Accreditation, which the IOM recommends and which has had an enthusiastic reception in public health practice, is seen as a way of both improving agency performance and increasing agency credibility and influence (Bender and Halverson 2010). As a moving target, accreditation in recent years has presented a number of pressing legal issues relating to how current state law would influence the process. PHLR funded a legal mapping study and also case studies of pilot accreditation implementation. The legal mapping study found an unexpected synergy between the emerging accreditation movement and an interest in regionalization largely driven by increasingly severe budget pressures (Matthews and Markiewicz 2011). As accreditation settles in and budgets stabilize, research at the intersection of PHLR and PHSSR will be needed to determine whether accreditation is bearing fruit. With time, we will be able to get a clearer picture of how legal infrastructure influences the choice to be accredited and the success of the process and how accreditation influences agency performance, including enforcement of law, achievement of basic outputs, and ability to devise and promote new uses of legal authority. The challenge is to ensure that research on accreditation examines the legal issues in a sophisticated and determined way.
Finally, the third question is, what individual and system characteristics influence the ability of public health systems and their community partners to develop and secure enactment of legal initiatives to advance public health? We have a toehold in the climb to understand the role of health agencies in promoting innovation in public health law. Case studies in areas like tobacco and HIV document the contest between those promoting health regulations and those who oppose them on ideological or economic grounds. There is no magic bullet to be discovered, no secret to winning in the political process. The importance of the research is in increasing the odds for healthy public policy by identifying the strategies and mind-sets of agencies and leaders that come up with and are able to advance laws and regulations that improve the public's health.
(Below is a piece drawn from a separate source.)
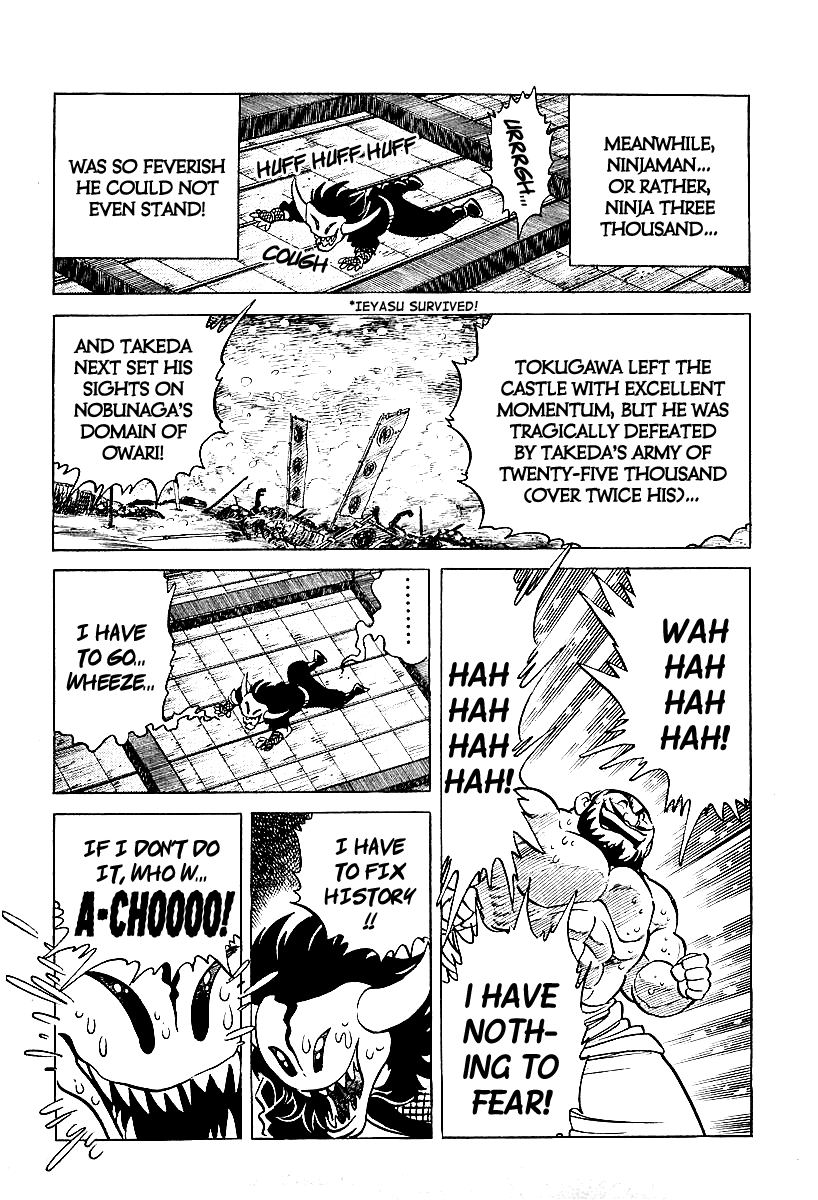 Honoo no Nobunaga - Sengoku Gaiden Chapter 5.2 page 13 - Chapter 5 v2 : Sortie of the Tiger of Kai!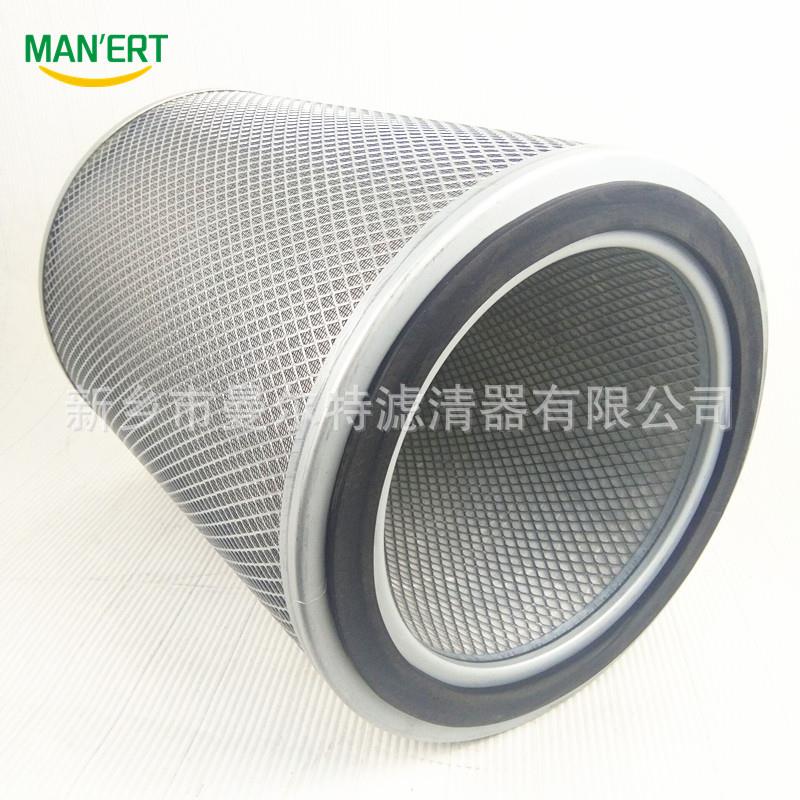 GA37VSD+空压机空滤1637000329进气过滤器芯螺杆泵压缩机空气滤芯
The IOM offers a ringing endorsement of a Health in All Policies approach (HIAP). HIAP advocates collaboration between government and the private sector to devise and implement coordinated strategies to promote health (Collins and Koplan 2009; IOM 2011). This entails creating coalitions or councils of the many public and private actors whose activities are important to health. Data on the known or potential effects of policies are seen as essential to moving diverse stakeholders to align their interests and agree on action. A health impact assessment (HIA) is “a combination of procedures, methods, and tools by which a policy, program, or project may be judged as to its potential effects on the health of a population, and the distribution of those effects within the population” (Dannenberg et al. 2008, 241). From a research perspective, the question is whether a HIA does in fact mobilize and inform stakeholders, put health on the agenda, and produce better policy outcomes for health. Although a new development in the United States, the HIA has been used for more than a decade in Europe, and some cautionary findings have emerged (Wright, Parry, and Mathers 2005).